While we lay here two of our men died, who were poisoned at Mindanao, they told us of it when they found themselves poisoned and had lingered ever since.
They were opened by our doctor, according to their own request before they died, and their livers were black, light and dry, like pieces of cork.
THEY TAKE IN WATER, AND A PILOT FOR THE BAY OF SIAM.
Our business being finished here we left the Spanish prize taken at Manila, and most of the rice, taking out enough for ourselves, and on the 17th day we went from hence to the place where we first anchored, on the north side of the great island, purposely to water; for there was a great stream when we first came to the island, and we thought it was so now.
But we found it dried up, only it stood in holes, two or three hogsheads or a tun in a hole: therefore we did immediately cut bamboos and made spouts through which we conveyed the water down to the seaside by taking it up in bowls, and pouring it into these spouts or troughs. We conveyed some of it thus near half a mile.

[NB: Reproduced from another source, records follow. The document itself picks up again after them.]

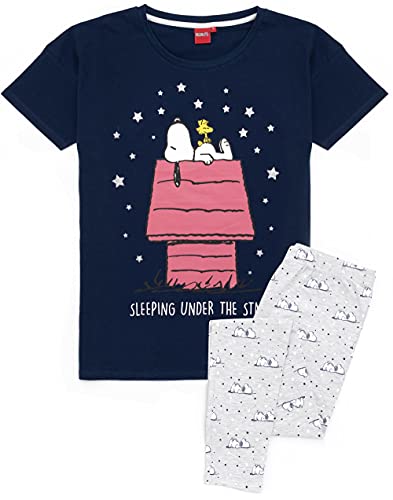 Snoopy Pyjamas Ladies Damen Top Long- oder Kurze Bottoms-Optionen Navy PJs von Peanuts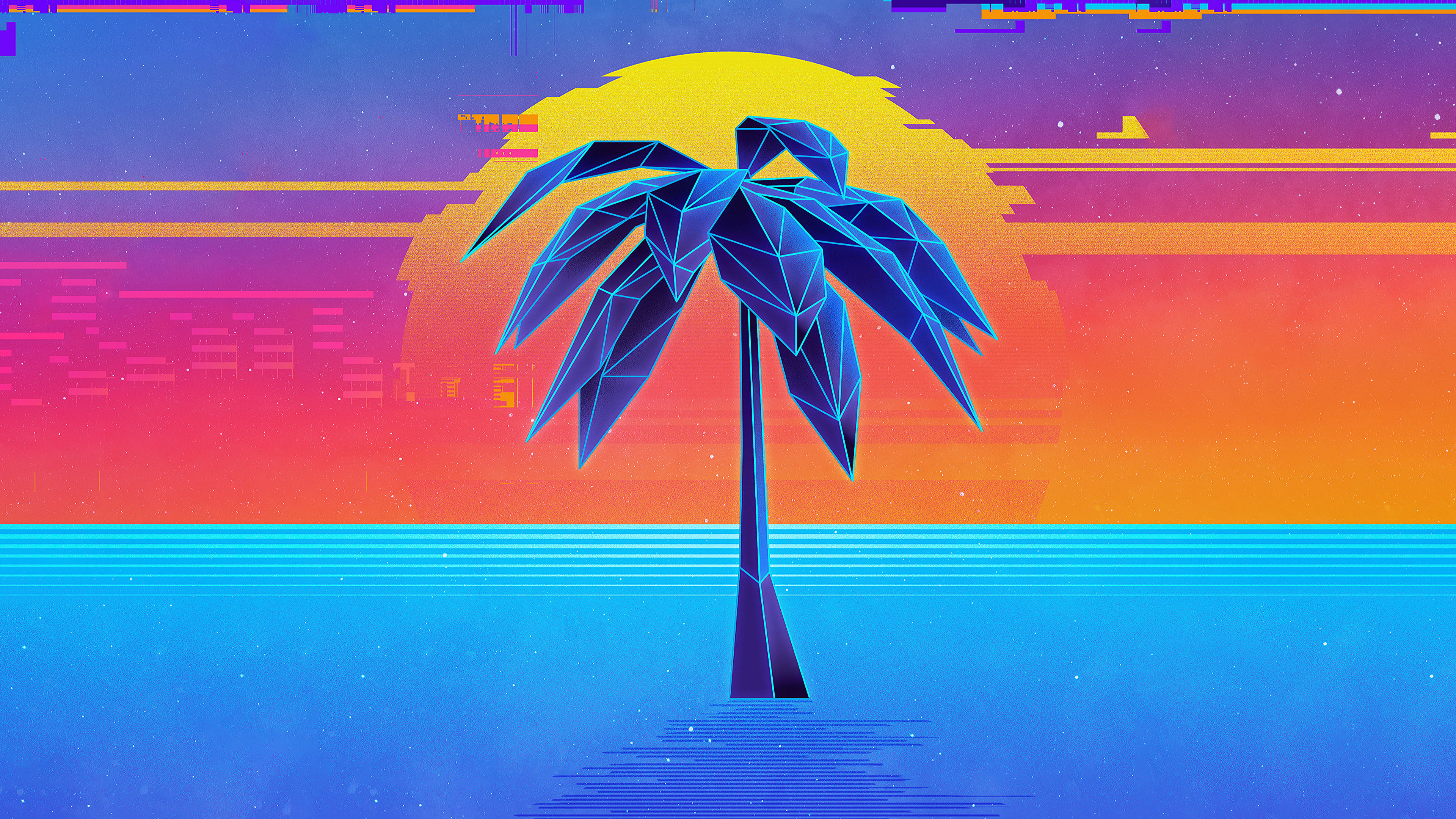 General 3840x2160 digital art artwork retro style neon vaporwave retrowave landscape lines palm trees synthwave 1980s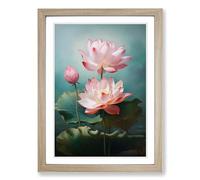 Lotus Flower Classicism Framed Print | A2 Oak Framed Wall Art | Ready to Hang | Modern Floral Picture | Living Room Bedroom Lounge Office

While we were filling our water Captain Read engaged an old man, one of the inhabitants of this island, the same who I said could speak the Malayan language, to be his pilot to the Bay of Siam; for he had often been telling us that he was well acquainted there, and that he knew some islands there where there were fishermen lived who he thought could supply us with salt-fish to eat at sea; for we had nothing but rice to eat.
The easterly monsoon was not yet done; therefore it was concluded to spend some time there and then take the advantage of the beginning of the western monsoon to return to Manila again.
The 21st day of April 1687 we sailed from Pulo Condore, directing our course west by south for the Bay of Siam. We had fair weather and a fine moderate gale of wind at east-north-east.